Из землянки, низко пригнувшись в двери, вышел комбриг. При дневном свете он оказался совсем не таким молодым человеком, каким его ночью представил себе Синцов. Серпилину было на вид лет пятьдесят, если не больше. Он вышел из землянки без фуражки. Желтые, седоватые пряди зачесанных на косой пробор волос только наполовину прикрывали большую лысину. У него было некрасивое, длинное, лошадиное, изрезанное глубокими морщинами лицо и два ряда стальных зубов во рту.
— Как отдохнули? — приглаживая и без того плоско лежавшие волосы, спросил Серпилин. Он широко улыбнулся своим стальным ртом, и некрасивое лицо его сразу подобрело и помолодело от этой улыбки.

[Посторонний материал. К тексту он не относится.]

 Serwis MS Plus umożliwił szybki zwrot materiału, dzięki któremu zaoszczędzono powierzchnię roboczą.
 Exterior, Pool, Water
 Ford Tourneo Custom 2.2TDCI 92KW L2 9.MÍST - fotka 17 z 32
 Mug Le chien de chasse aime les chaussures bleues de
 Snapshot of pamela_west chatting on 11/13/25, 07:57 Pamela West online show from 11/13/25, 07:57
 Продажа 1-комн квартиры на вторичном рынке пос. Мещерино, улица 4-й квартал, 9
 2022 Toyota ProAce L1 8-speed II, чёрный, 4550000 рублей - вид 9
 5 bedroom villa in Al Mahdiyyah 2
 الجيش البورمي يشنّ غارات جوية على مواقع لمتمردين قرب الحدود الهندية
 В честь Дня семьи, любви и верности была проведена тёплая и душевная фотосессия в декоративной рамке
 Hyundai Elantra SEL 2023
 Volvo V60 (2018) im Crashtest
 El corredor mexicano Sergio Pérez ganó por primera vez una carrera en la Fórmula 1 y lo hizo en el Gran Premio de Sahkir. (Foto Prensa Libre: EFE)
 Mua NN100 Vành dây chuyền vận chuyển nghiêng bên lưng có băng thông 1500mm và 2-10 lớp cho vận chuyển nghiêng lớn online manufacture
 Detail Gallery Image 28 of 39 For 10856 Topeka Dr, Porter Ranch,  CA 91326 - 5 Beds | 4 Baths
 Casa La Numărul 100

— Спасибо, хорошо, — ответил Синцов.
— Хотелось бы танки поскорее снять, — нетерпеливо сказал Мишка. — В редакции танки нужны, как хлеб!
— Сейчас освободился командир батальона капитан Плотников, пойдете с ним в его батальон: он вчера больше всех набил. Ко мне вопросы есть? А то потом буду занят службой.
— Скажите, товарищ комбриг, — бойко спросил Мишка, — почему это мы, когда ночью ехали через мост, ни одной зенитки там не видели?
— А зачем он нам, этот мост? — спросил Серпилин тоном, который Синцов запомнил на всю жизнь.
— Как зачем? — пожал плечами Мишка. — А если туда обратно придется? — и он показал пальцем в сторону Днепра.
— Не придется, — сказал Серпилин. — Не для того солдат роет окоп, чтобы оставлять его по первому требованию противника. История старая, хотя ее и забывают: роют, роют, а потом… — Он махнул рукой. — А мы вот нарыли и не оставим. И до других нам дела нет!
Последнюю фразу он сказал с оттенком горечи; фраза была неправильной, он и сам так не думал, но вызвана она была чувством, которого он не стыдился. Серпилин знал то, чего еще не знали ни Синцов, ни Мишка, он знал, что слева и справа от Могилева немцы уже форсировали Днепр и если в ближайшие часы не придет приказ отступить, то он со своим полком обречен на бой в окружении. Но сейчас не только не ждал, но и не желал приказа отступить. Им владела гордость солдата, не хотевшего верить, что рядом с ним кто-то плохо дерется, отступает или бежит. Именно в этом смысле он сейчас и выразился, что ему нет дела до других. Он десять дней и десять ночей укрепляется не за страх, а за совесть, его полк хорошо дрался вчера и должен был хорошо драться впредь, он верил в это и считал, что у других должно быть точно так же, тогда и будет выиграна война.